Now in this second part to "Do Vampires Really Exist Today?" I will be elaborating on the subject of the different types of vampires and the history of vampires. There is much that could be said historically about vampires, but here in this blog on the topic, I will just give a brief summary and will look at what the Scripture says about the issue.
According to Hebrew legend, Lilith was the first woman created. Among ancient Babylonian gods and goddesses, Lilith was the demon Lilitu who preyed upon men. Sometimes referred to as the first original vampire. Now whether this is true or not is up for debate.
1. Vlad Tepes: Or Vlad the Impaler (1431-1476), or sometimes Vlad Dracul, (where the original term came for the name Dracula) as he was called by his comtemporaries of his time. He was the emperor of Romania who was both a villian and hero. Here is a brief biography on Vlad:
"The history of Vlad Dracula is surrounded by myth and legend
I had a really tough time sorting out the facts from the legends, the truth is
that nobody is too sure what is what. We do know that he was the character that
was the inspiration for Bram Stokers Novel "Dracula" being the very
famous Count Dracula. The book then brought about the very vampires that are
well known to this day and made Vlad the Impaler a famous character from
history.
Vlad the Impaler -Tepes (pronounced tzse-pesh) was born in
the town of Sighisoara in Transylvania (now known as northern Romania) in 1431
and later ruled the area of Southern Romania known as Wallachia. His father was
Vlad Dracul who was a knight in the Order of the Dragon which was a union of
central and Eastern European rulers who were a tad worried about the rising
Ottoman empire.
The
Order of the Dragon's coat of arms was a dragon (the Ottomans) and a cross
(Christianity). Vlad Dracul bore this coat of arms on everything, flags, coins,
and his seal. It attracted the nickname of "Dracul" I believe coming
from the story of the evil dragon in St. George and the Dragon, Dracul meaning
Devil in Romanian.
The second son was soon born to Vlad Dracul - that being
Vlad II - therefore the name developed an "a" representing the son of
Dracul - "DRACULA", the son of the Devil.
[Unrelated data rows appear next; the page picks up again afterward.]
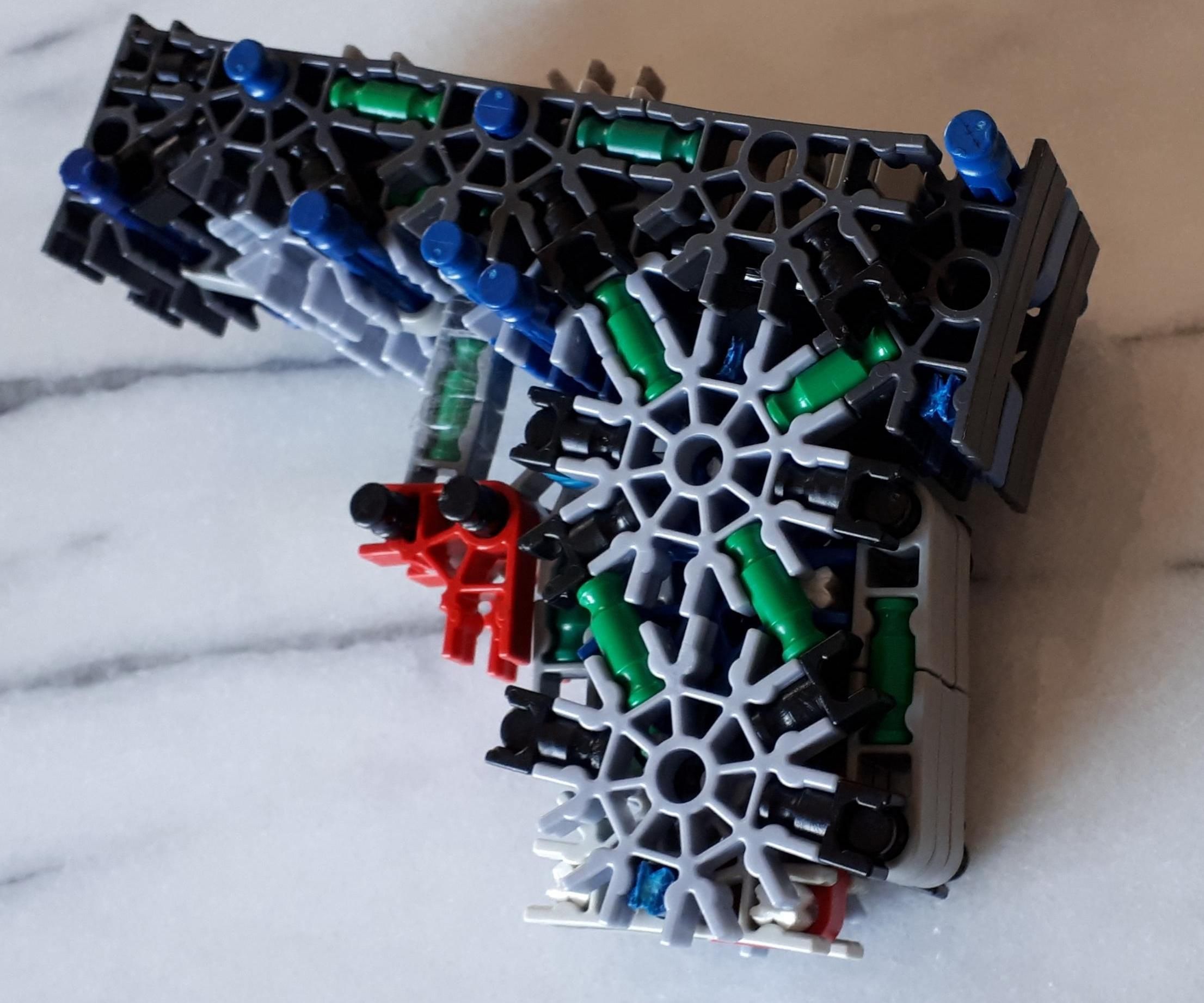 Knex Body Guard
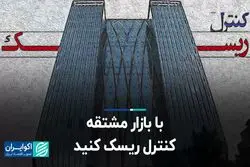 با این ابزار در بورس کنترل ریسک کنید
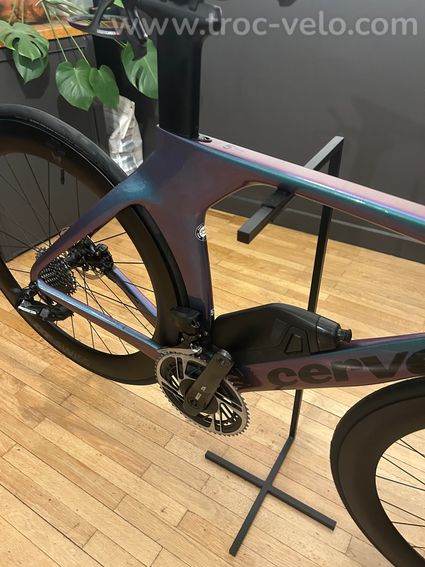 Cervelo P5 Sram AXS 2024 - 3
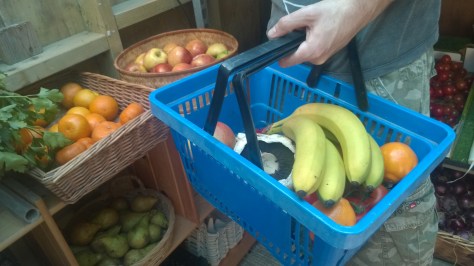 local grocery shopping 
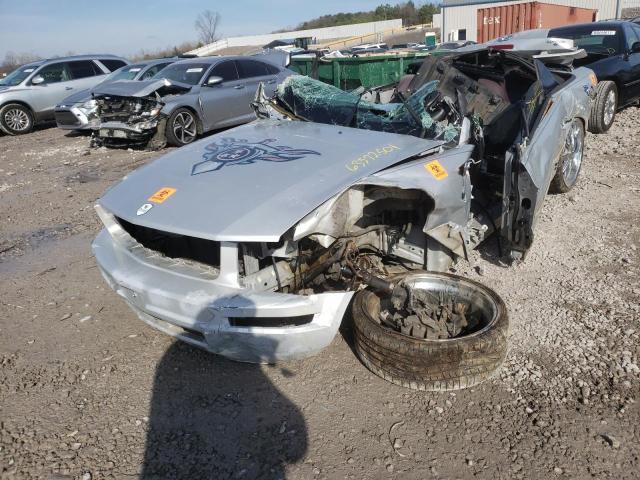 Photo 2 from auction – 2005 FORD MUSTANG with VIN 1ZVFT84N855190773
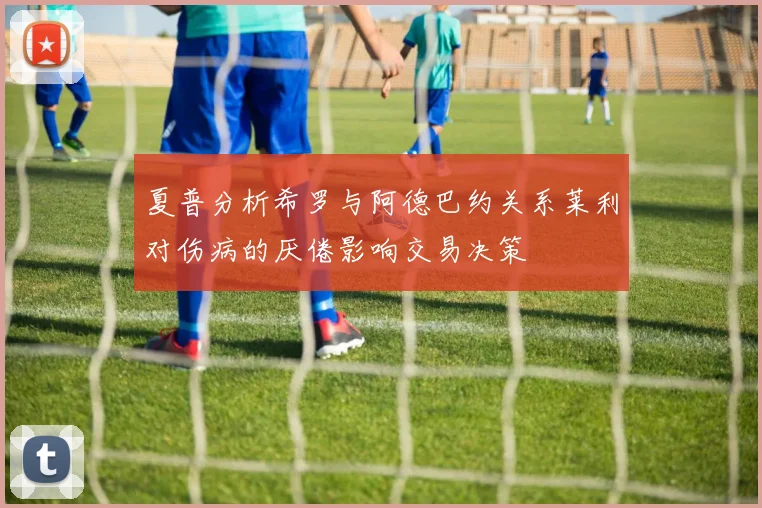 夏普分析希罗与阿德巴约关系莱利对伤病的厌倦影响交易决策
The word "tepes" in Romanian means
"impaler" and Vlad was so named because of his cruel and gruesome
habit of impaling humans and leaving them to rot in the sun as a means of
punishing his enemies.
In fact, Vlad was called Tepes (the Impaler) only after his
death in 1476.
Impalement
was considered a particularly gruesome form of execution, the victim was stuck
on a sharp stake usually the width of a big burly man's arm (ohhh that's gotta
hurt!). Vlad was said to especially enjoyed mass executions, where several
victims were impaled at once, and their stakes hoisted upright. As they hung
suspended above the ground, the weight of their bodies would slowly drag them
downwards, causing the sharpened end of the stake to pierce their internal
organs causing a slow painful death. In order to better enjoy these mass
spectacles, Vlad routinely ordered a banquet table set up in front of his
victims, and would enjoy a leisurely supper amid the pitiful sights and sounds
of the dying. I'm glad that I wasn't around in those days to be invited to one
of Vlad's dinner parties.
It is estimated that Vlad killed some 20,000 men, women and
children - the amount of people he killed varies from anywhere between 20,000
to 500,000. He showed no mercy and often tortured his enemies before killing
them.
At the same time that Vlad became notorious for his sadism,
he was also respected by his subjects because of his fierce campaigns against
the Turks. He was a respected as a warrior and a stern ruler who tolerated no
crime against his people, and during his reign erected several monasteries. He
was a hero that was both worshiped and feared by his people.
But
maybe there was a bit more to Vlad's murderous bloodthirsty habits than we
first thought. In 1985 an Idaho physician Dr. Thomas McDevitt suggested that he
may have suffered from a bizarre allergic reaction to blood. He claimed that in
some allergic reactions to a given substance, sufferers also developed an
addiction to that same substance, and if deprived of it they could react in a
highly bizarre and deranged manner. Could Vlad of just been throwing a tantrum
every time he craved blood? Portraits of the price depict him with dark circles
beneath his eyes, puffy cheeks and a sallow pallid complexion - classic
characteristics of some types of allergy victim.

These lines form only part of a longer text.